Les sympathisants PS et UMP plus protectionnistes que ceux du FN

"L'identification des méfaits du libre-échange sur l'économie française apparaît à une grande majorité de Français et dépasse les cadres politiques", analyse l'économiste Jacques Sapir, un fervent partisan du protectionnisme. En effet, 71% des sympathisants PS et 74% de ceux de l'UMP sont favorables à l'augmentation des barrières douanières... contre seulement 61% des sympathisants du Front national.

L'Union européenne (UE) apparaît également comme la meilleure réponse à la mondialisation : 80% des sondés estiment que l'UE est le niveau d'action le plus pertinent pour relever les droits de douane. Même les sympathisants FN plébiscitent l'Europe sur ce sujet, à 57%. 43% d'entre eux préfèrent augmenter les droits de douane aux frontières de la France, contre seulement 10% chez les sympathisants PS et UMP.

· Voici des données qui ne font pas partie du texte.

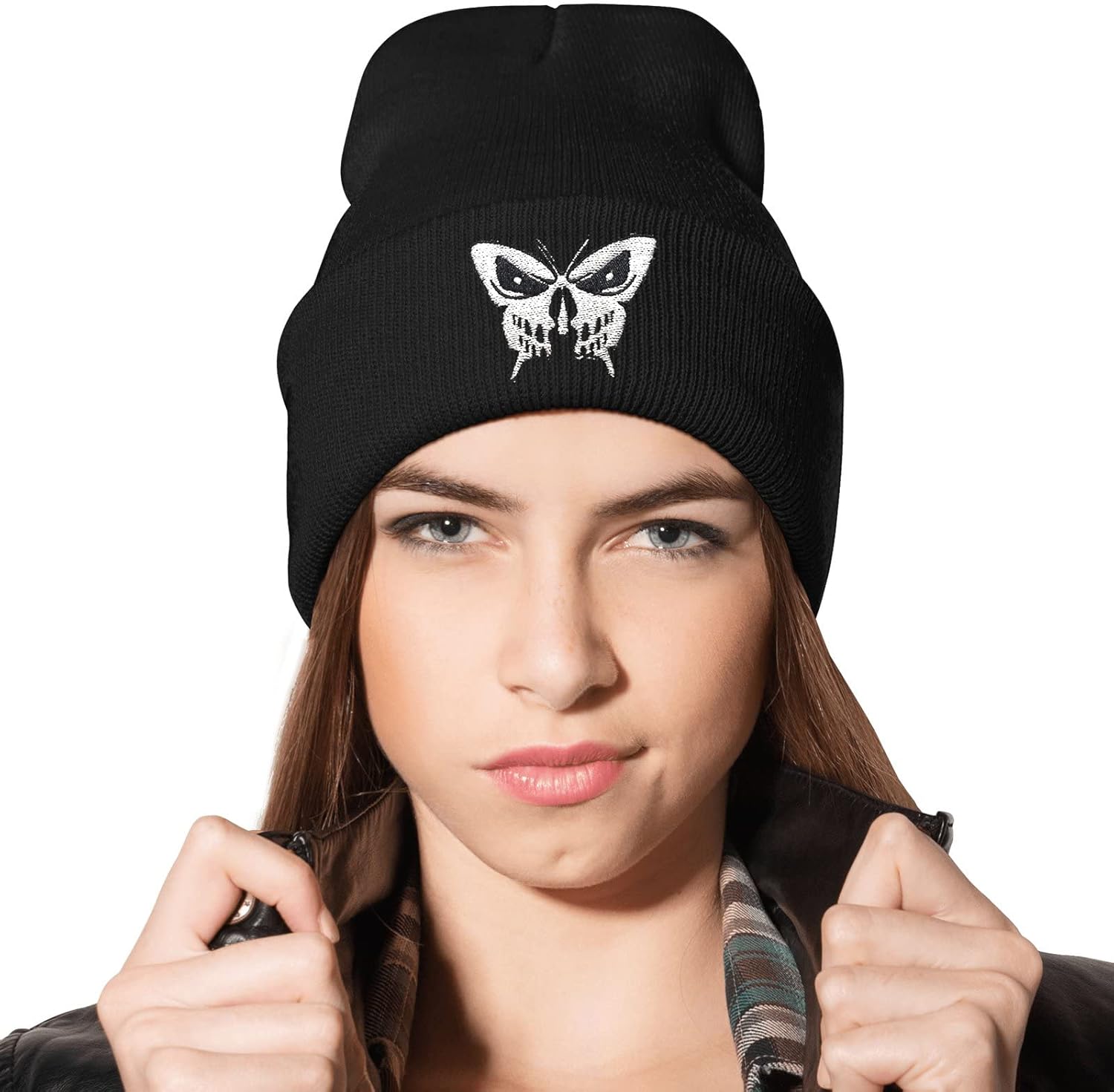 Butterfly Gothic Skull Skeleton Embroidery Beanie Hat for Men Women Winter Warm Stretch Skull Knit Hats Cap Black - Image 3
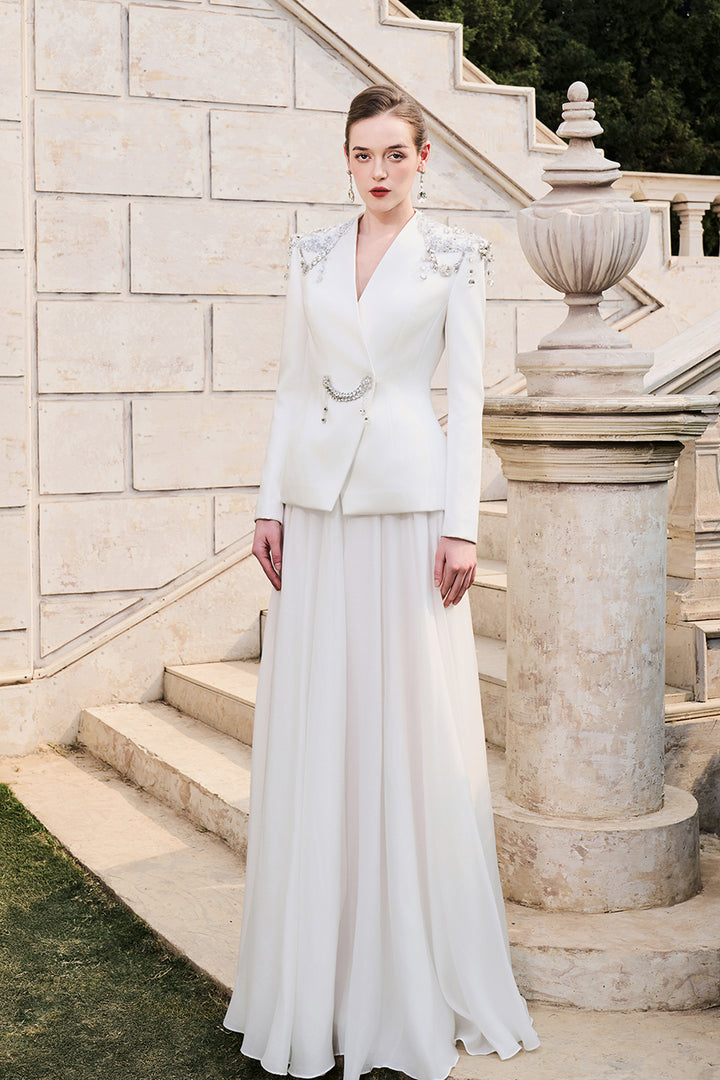 Stylized Shoulder Blazer With A-Line Silhouette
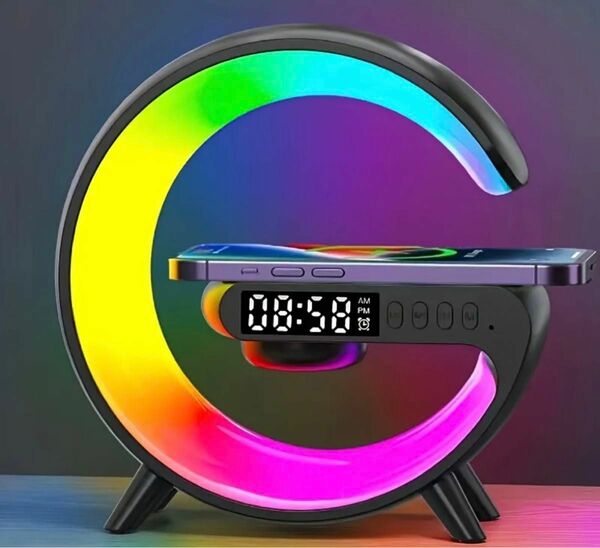 スマート USB 充電時計、リビングルームベッドルームベッドサイドデスクトップカラフルな RGB 雰囲気ライト　ブラック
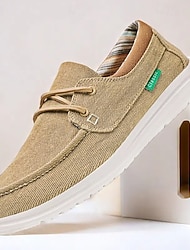 beige canvas bootschoenen voor heren met vetersluiting en comfortabele zool – ideaal voor casual en buitenactiviteiten beige canvas bootschoenen voor heren met vetersluiting en comfortabele zool – ideaal voor casual en buitenactiviteiten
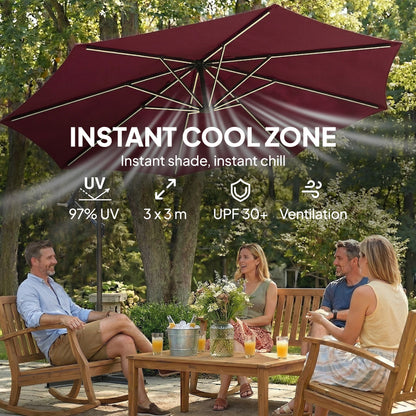 3 m Garden Cantilever Parasol with Solar Light, Rotation, Wine Red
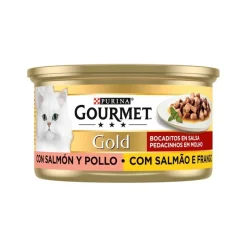 Comida Húmida para Gato Gold Pedacinhos em Molho Salmão e Frango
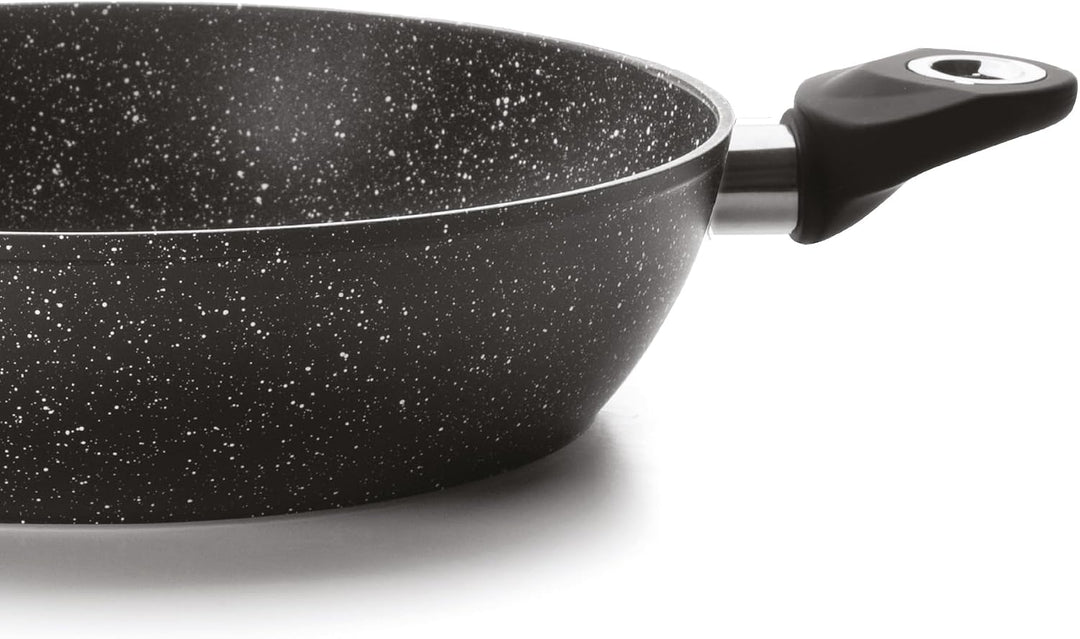 IBILI - Bratpfanne mit 2 Henkeln Natura, 32 cm, Aluminium, Anti-Haft-Beschichtung im Stein-Stil, gee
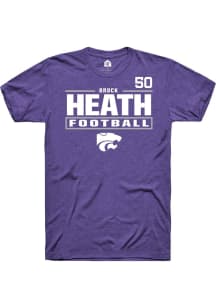 Brock Heath K-State Wildcats Purple Football NIL Stacked Box Short Sleeve Player T Shirt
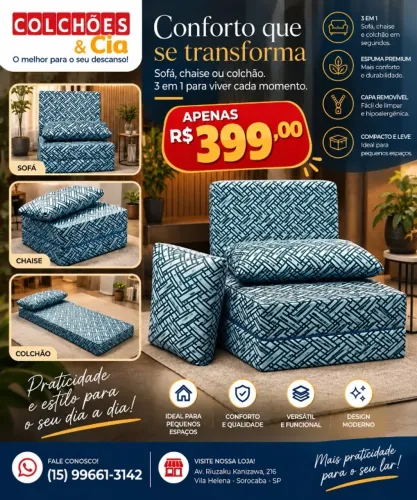 SOFÁ,CHAISE OU COLCHÃO 3 EM 1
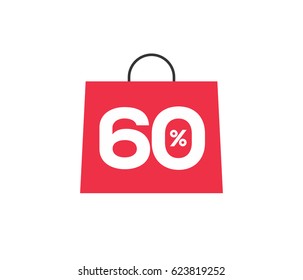 Vector red shopping bag with 60% on it isolated on white background. For spring summer sale campaign.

Lever le tabou du protectionnisme

Pour l'économiste Emmanuel Todd, ce sondage est l'occasion de "lever le tabou" du protectionnisme. "Le libre-échangisme est devenu un dogme indiscutable de l'économie libérale, comme si le remettre en question revenait à faire un pas en arrière", déplore-t-il. Avec une poignée d'autres économistes français, Emmanuel Todd fait partie des "démondialistes", un groupe qui prône un protectionnisme raisonné, mais s'oppose sur ses modalités. "La doctrine de la démondialisation est une branche de la pensée libérale et ne signifie absolument pas une fermeture et un repli économique et social sur les frontières nationales comme le préconise Marine Le Pen"», précise-t-il.

Philippe Murer, professeur de finances à la Sorbonne et à l'initiative de ce sondage, estime que la société française doit se saisir du débat sur le protectionnisme. "On ne peut pas laisser au seul Front national ces questions, car le sondage montre que l'ensemble des Français se les posent. D'autant plus que le protectionnisme n'est pas labellisé Marine Le Pen, puisque le Front de Gauche, Arnaud Montebourg ou le souverainiste Nicolas Dupont-Aignan se revendiquent également protectionnistes", plaide-t-il.

Pour sa part, l'économiste Hervé Juvin se réjouit que ce démondialisme s'invite à la primaire du PS par l'intermédiaire d'Arnaud Montebourg. "La haine de la nation, c'est l'internationalisme des imbéciles", lâche-t-il, volontiers polémiste.